[Listed records — start]
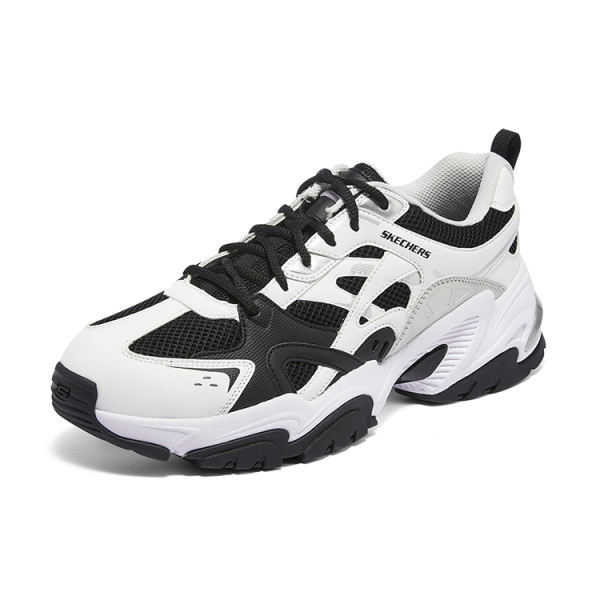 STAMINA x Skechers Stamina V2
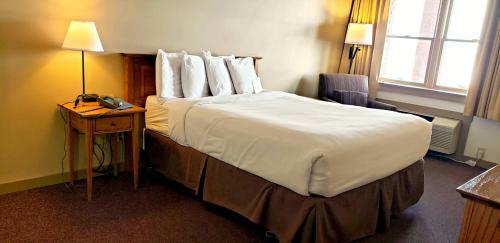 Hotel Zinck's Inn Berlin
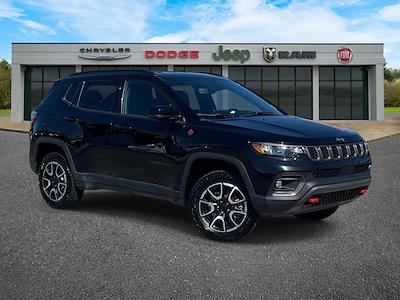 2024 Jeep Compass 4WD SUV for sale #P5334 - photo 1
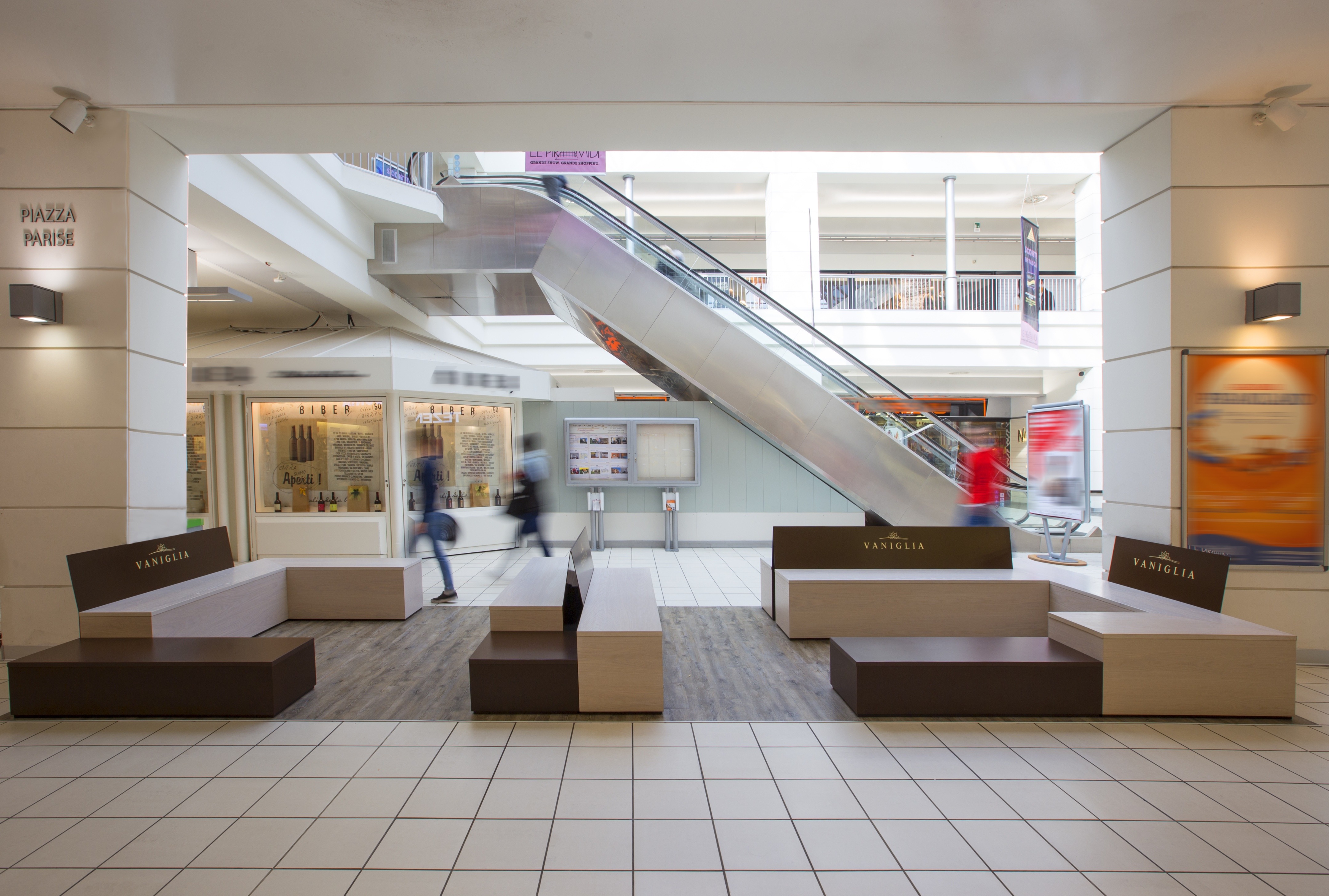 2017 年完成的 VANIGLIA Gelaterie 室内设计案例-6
[Listed records — finish]
[Listed records — start]
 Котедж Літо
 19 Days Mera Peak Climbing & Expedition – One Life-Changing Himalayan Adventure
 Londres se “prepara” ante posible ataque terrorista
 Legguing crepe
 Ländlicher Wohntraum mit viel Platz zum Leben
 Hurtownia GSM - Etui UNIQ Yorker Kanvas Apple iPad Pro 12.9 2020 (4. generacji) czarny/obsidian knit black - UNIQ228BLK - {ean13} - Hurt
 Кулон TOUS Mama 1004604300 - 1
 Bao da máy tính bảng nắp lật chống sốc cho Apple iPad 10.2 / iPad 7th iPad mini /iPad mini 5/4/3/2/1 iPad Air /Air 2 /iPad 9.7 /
[Listed records — finish]
### Problem to work on
Tally the lines above that include "iPad", and reply with only the tally.

### Answer area
2